Kinetics play a critical role in the photoelectrochemical (PEC) system, whereas co-catalysis is mainly responsible for reducing the reaction barrier and facilitates water splitting. Here, the unsaturated Fe sites through the metal-organic framework (MOFs) structure promote the kinetics of water oxidation over TiO2 are successfully in situ decorated. This heterostructure further helps us to better understand the PEC behaviors of organic-inorganic hybrid systems. MIL-100(Fe), as the typical MOFs model, is facilely achieved by an FeOOH sacrificial template method, a strategy which could anchor the compact and ultrathin MIL-100(Fe) films on the surface of TiO2 to obtain abundant unsaturated Fe sites.
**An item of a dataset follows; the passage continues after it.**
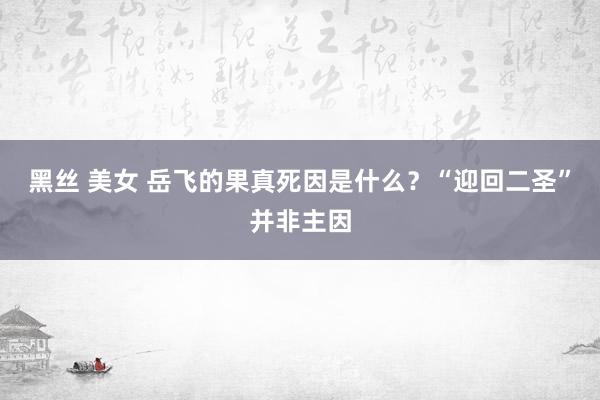 黑丝 美女 岳飞的果真死因是什么？“迎回二圣”并非主因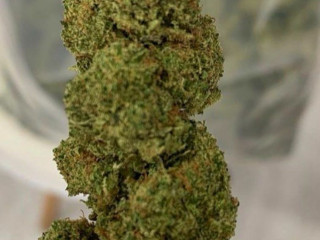 Top Notch Weed Available Grade AA+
The photocurrent density of MIL-100(Fe)/TiO2 reaches about 2.4 times at 1.23 V vs reversible hydrogen electrode (RHE) compared with bare TiO2, and the incident photon to current conversion efficiency value increases up to 47% (at 390 nm). Furthermore, the photocurrent density of MIL-100(Fe)/TiO2 is maintained at 84% after 3 h, showing that the organic component of MIL-100(Fe) takes a nature of favorable stability. The configuration of MIL-100(Fe)/TiO2 will bring a new insight for learning the basic function of unsaturated metal sites in the PEC system.